* WORK TASK
Write out the records word for word.
------
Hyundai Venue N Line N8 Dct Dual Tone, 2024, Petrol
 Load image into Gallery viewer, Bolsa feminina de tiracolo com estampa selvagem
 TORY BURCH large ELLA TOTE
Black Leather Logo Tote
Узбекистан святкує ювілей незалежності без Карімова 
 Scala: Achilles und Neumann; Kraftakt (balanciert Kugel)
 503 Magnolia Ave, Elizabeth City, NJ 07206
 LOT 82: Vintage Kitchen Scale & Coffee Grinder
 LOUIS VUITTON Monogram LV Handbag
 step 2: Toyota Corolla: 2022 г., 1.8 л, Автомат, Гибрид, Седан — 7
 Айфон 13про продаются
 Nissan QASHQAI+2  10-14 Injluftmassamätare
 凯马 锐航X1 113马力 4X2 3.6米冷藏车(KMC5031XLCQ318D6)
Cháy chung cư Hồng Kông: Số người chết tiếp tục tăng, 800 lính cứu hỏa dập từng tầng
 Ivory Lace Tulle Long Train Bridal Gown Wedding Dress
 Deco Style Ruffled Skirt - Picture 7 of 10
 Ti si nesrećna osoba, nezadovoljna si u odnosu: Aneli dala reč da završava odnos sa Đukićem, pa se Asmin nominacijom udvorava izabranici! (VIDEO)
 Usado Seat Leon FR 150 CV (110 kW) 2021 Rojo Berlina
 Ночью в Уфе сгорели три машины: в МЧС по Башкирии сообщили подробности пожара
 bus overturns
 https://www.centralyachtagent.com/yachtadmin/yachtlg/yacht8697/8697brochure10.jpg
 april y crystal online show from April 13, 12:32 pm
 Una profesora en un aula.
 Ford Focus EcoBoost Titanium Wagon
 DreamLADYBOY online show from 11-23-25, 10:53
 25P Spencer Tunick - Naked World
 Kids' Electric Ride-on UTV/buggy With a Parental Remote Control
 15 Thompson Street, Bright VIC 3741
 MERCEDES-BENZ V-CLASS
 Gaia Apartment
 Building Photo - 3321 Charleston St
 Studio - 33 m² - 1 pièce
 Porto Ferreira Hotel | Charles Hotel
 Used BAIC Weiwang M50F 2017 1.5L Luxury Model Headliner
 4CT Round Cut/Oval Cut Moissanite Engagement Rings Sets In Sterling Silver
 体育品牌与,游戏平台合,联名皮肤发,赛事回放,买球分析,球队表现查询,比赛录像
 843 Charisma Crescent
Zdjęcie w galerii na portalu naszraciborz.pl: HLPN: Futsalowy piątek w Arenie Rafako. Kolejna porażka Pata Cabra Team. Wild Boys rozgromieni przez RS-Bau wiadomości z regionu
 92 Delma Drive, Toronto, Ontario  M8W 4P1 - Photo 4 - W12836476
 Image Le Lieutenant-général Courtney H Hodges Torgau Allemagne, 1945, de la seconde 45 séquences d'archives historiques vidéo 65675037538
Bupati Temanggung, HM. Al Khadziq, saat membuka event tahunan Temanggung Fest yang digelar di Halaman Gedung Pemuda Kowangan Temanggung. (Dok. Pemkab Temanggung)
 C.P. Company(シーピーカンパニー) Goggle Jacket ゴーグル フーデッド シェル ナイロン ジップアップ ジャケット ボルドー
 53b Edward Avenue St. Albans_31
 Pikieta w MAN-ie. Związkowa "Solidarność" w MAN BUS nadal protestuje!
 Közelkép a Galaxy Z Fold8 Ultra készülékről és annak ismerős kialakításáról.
------
* OUTPUT FOR THIS EXERCISE
Hyundai Venue N Line N8 Dct Dual Tone, 2024, Petrol
 Load image into Gallery viewer, Bolsa feminina de tiracolo com estampa selvagem
 TORY BURCH large ELLA TOTE
Black Leather Logo Tote
Узбекистан святкує ювілей незалежності без Карімова 
 Scala: Achilles und Neumann; Kraftakt (balanciert Kugel)
 503 Magnolia Ave, Elizabeth City, NJ 07206
 LOT 82: Vintage Kitchen Scale & Coffee Grinder
 LOUIS VUITTON Monogram LV Handbag
 step 2: Toyota Corolla: 2022 г., 1.8 л, Автомат, Гибрид, Седан — 7
 Айфон 13про продаются
 Nissan QASHQAI+2  10-14 Injluftmassamätare
 凯马 锐航X1 113马力 4X2 3.6米冷藏车(KMC5031XLCQ318D6)
Cháy chung cư Hồng Kông: Số người chết tiếp tục tăng, 800 lính cứu hỏa dập từng tầng
 Ivory Lace Tulle Long Train Bridal Gown Wedding Dress
 Deco Style Ruffled Skirt - Picture 7 of 10
 Ti si nesrećna osoba, nezadovoljna si u odnosu: Aneli dala reč da završava odnos sa Đukićem, pa se Asmin nominacijom udvorava izabranici! (VIDEO)
 Usado Seat Leon FR 150 CV (110 kW) 2021 Rojo Berlina
 Ночью в Уфе сгорели три машины: в МЧС по Башкирии сообщили подробности пожара
 bus overturns
 https://www.centralyachtagent.com/yachtadmin/yachtlg/yacht8697/8697brochure10.jpg
 april y crystal online show from April 13, 12:32 pm
 Una profesora en un aula.
 Ford Focus EcoBoost Titanium Wagon
 DreamLADYBOY online show from 11-23-25, 10:53
 25P Spencer Tunick - Naked World
 Kids' Electric Ride-on UTV/buggy With a Parental Remote Control
 15 Thompson Street, Bright VIC 3741
 MERCEDES-BENZ V-CLASS
 Gaia Apartment
 Building Photo - 3321 Charleston St
 Studio - 33 m² - 1 pièce
 Porto Ferreira Hotel | Charles Hotel
 Used BAIC Weiwang M50F 2017 1.5L Luxury Model Headliner
 4CT Round Cut/Oval Cut Moissanite Engagement Rings Sets In Sterling Silver
 体育品牌与,游戏平台合,联名皮肤发,赛事回放,买球分析,球队表现查询,比赛录像
 843 Charisma Crescent
Zdjęcie w galerii na portalu naszraciborz.pl: HLPN: Futsalowy piątek w Arenie Rafako. Kolejna porażka Pata Cabra Team. Wild Boys rozgromieni przez RS-Bau wiadomości z regionu
 92 Delma Drive, Toronto, Ontario  M8W 4P1 - Photo 4 - W12836476
 Image Le Lieutenant-général Courtney H Hodges Torgau Allemagne, 1945, de la seconde 45 séquences d'archives historiques vidéo 65675037538
Bupati Temanggung, HM. Al Khadziq, saat membuka event tahunan Temanggung Fest yang digelar di Halaman Gedung Pemuda Kowangan Temanggung. (Dok. Pemkab Temanggung)
 C.P. Company(シーピーカンパニー) Goggle Jacket ゴーグル フーデッド シェル ナイロン ジップアップ ジャケット ボルドー
 53b Edward Avenue St. Albans_31
 Pikieta w MAN-ie. Związkowa "Solidarność" w MAN BUS nadal protestuje!
 Közelkép a Galaxy Z Fold8 Ultra készülékről és annak ismerős kialakításáról.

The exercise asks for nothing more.